PAUL WHITE and DAVE LOCKWOOD strum up a few tried-and-trusted methods of improving your studio guitar sound.
At one time, recording electric guitar meant putting a mic in front of an amp and hitting the record button. Of course, you can still do it that way, and in many instances such an approach yields perfectly acceptable results. But there are also viable DI alternatives that may be more convenient in a home recording environment. The fact that guitar sounds vary so much according to the instrument, the player, the amplifier and the recording techniques employed is one of the great attractions of the instrument. But while no two players will ever sound quite alike, there are a few general recording rules that can help achieve consistently good results. It would be wrong to try to define a single 'foolproof' method for guitar recording, so instead we've pulled together a few different tricks, tips and ideas that will help you get the results you want, while still providing plenty of scope for experimentation. As ever, if you get a result by breaking a rule or doing something in an unorthodox way, that's fine. In music, the end always justifies the means!
* As a first and very basic rule, always make sure your guitar is in good condition. Use new strings, properly fitted and check both the tuning and intonation. This may seem obvious, but many players leave their old strings on, tune up and hope for the best. They think the tone doesn't matter because you'll be able to fix it in the mix. More often than not you can't! When fitting new strings, make certain that you don't have any overlapping turns of the string around the tuning machine peg as the tuning will tend to slip. Also, pull the strings to stretch them before final tuning or again, the tuning will slip. If you change either the brand or gauge of strings you're using, check the octave tuning on all six strings to ensure the intonation is OK.
* Check your tuning before every take, as it tends to drift in warm studios. Ideally, use a tuner with an audio thru socket and leave it connected at all times. Users of vibrato arms should be especially careful to check their tuning at every opportunity.
* Equipment containing transformers will tend to cause hum interference on electric guitars, especially those with single-coil pickups. Rotate your position in the room to find the angle of least hum and keep as far away as possible from the interfering equipment. As a rule, the more overdrive you use, the more serious the effect of interference. Computer monitors in particular cause serious interference problems with guitar pickups, so keep as far away from these as you can. Or better still, turn the monitor off. (Note, though, that if a monitor is in energy-saving mode and is still powered up, the screen may be dark, but you'll still get interference.)

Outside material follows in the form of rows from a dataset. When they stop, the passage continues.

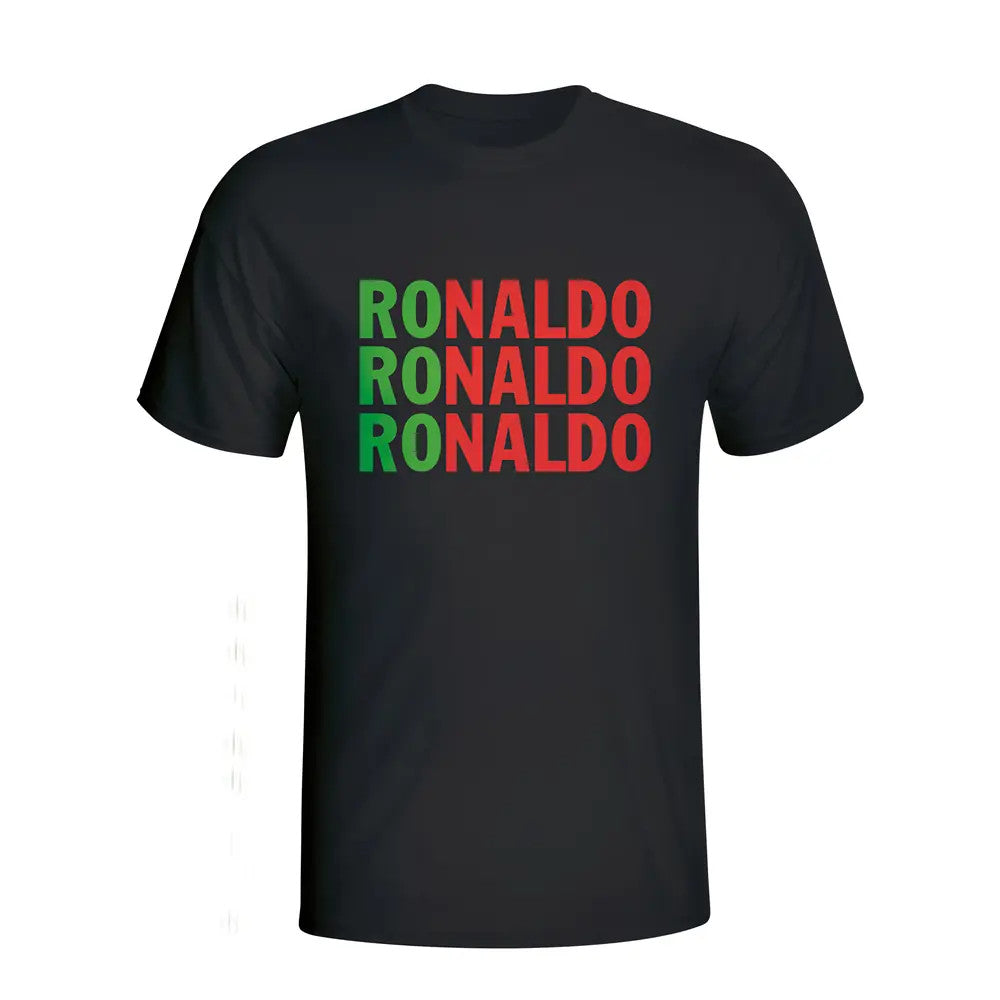 Cristiano Ronaldo Portugal Player Flag T-shirt (black) - Kids_1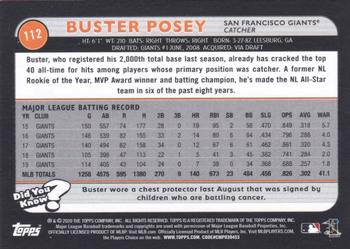 2020 Topps Big League - Orange #112 Buster Posey Back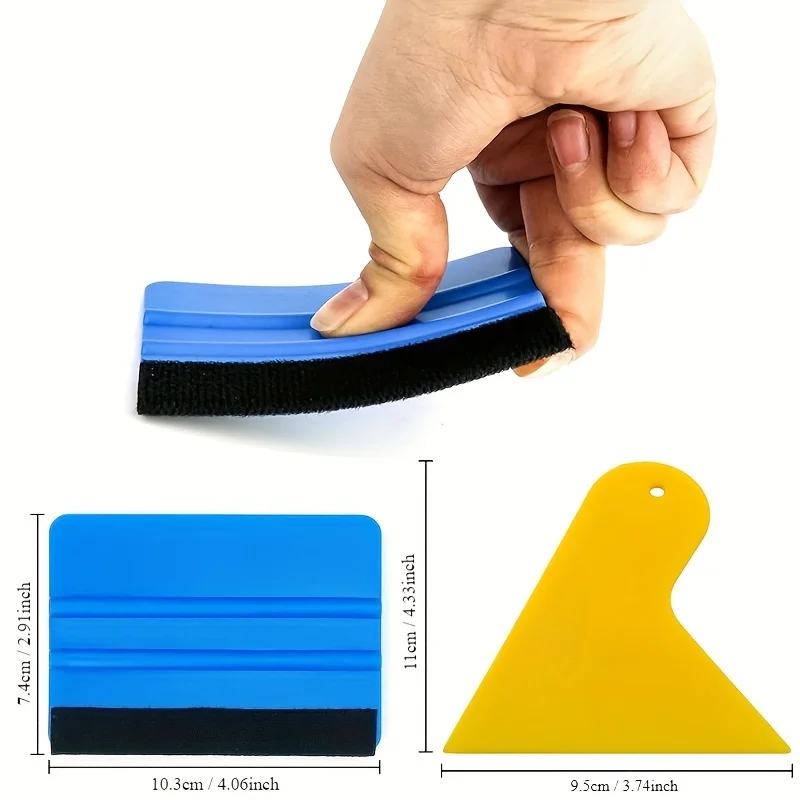 Felt Edge Squeegee 4pcs Vinyl Wrap Tool Car Window Tint Kit Car Straight Scraper Tool for All Vinyl Wrap Window Tint Film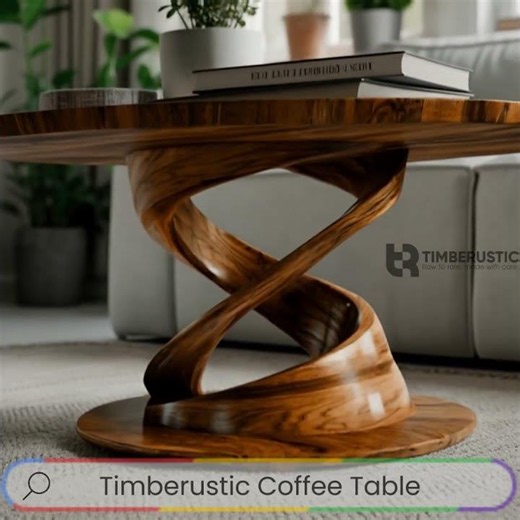 Sculpted Solid Wood Round Coffee Table That Becomes the Centerpiece #shorts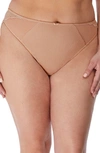 Elomi Charley Full Figure Mesh & Lace Brazilian Briefs In Tan/beige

* Use different guitar types or sounds when recording two or more overdrive guitar parts to keep the sounds separate in the mix. For example, use a single-coil setting for one part and a humbucker for another. It also helps if you use less distortion than if you were playing live, especially for rhythm guitar parts. Otherwise the guitar sounds can blend into a confused wall of sound. Bracketing the sounds using tunable high- and low-pass filters (such as those on the Focusrite Platinum Tone Factory or the Drawmer DS201 gate side-chain), can help confine the sounds to narrower parts of the spectrum.
* If you have enough spare tracks, compile a 'best of' solo from multiple whole takes recorded on separate tracks. Hard disk recording is good for this as you simply cut and paste the sections you want to use. However, you can also compile on tape by bouncing the chosen sections to a new track. Compiling before adding delay or extra reverb will help conceal any edits.
* Create a sense of stereo space by processing a mono guitar sound via a gated or ambience reverb program. A close-miked or DI'd guitar part contains no spatial information, but adding reverb to the sound to create the illusion of space may not be artistically appropriate. Ambient reverb settings will simulate the early reflections of a real space without adding reverb decay. A short gated reverb may also be suitable for creating a more live sound.
* In the recording studio, it's common to leave effects processing until the final mix so as to allow sounds to be changed right up to the last minute. However, guitar players rely on many of their effects to create the right 'feel' at the playing stage -- specifically, effects such as overdrive, wah-wah or delay. Reverb can be added at the mixing stage, as stereo digital reverb is sometimes more appropriate than the mono spring reverb built into some guitar amps. If stereo reverb is to be added during recording, a pair of tracks will be needed for recording. Should you want to replace any of a guitarist's 'essential' effects at a later stage, arrange it so the player can monitor via the effect, even if you're recording without it.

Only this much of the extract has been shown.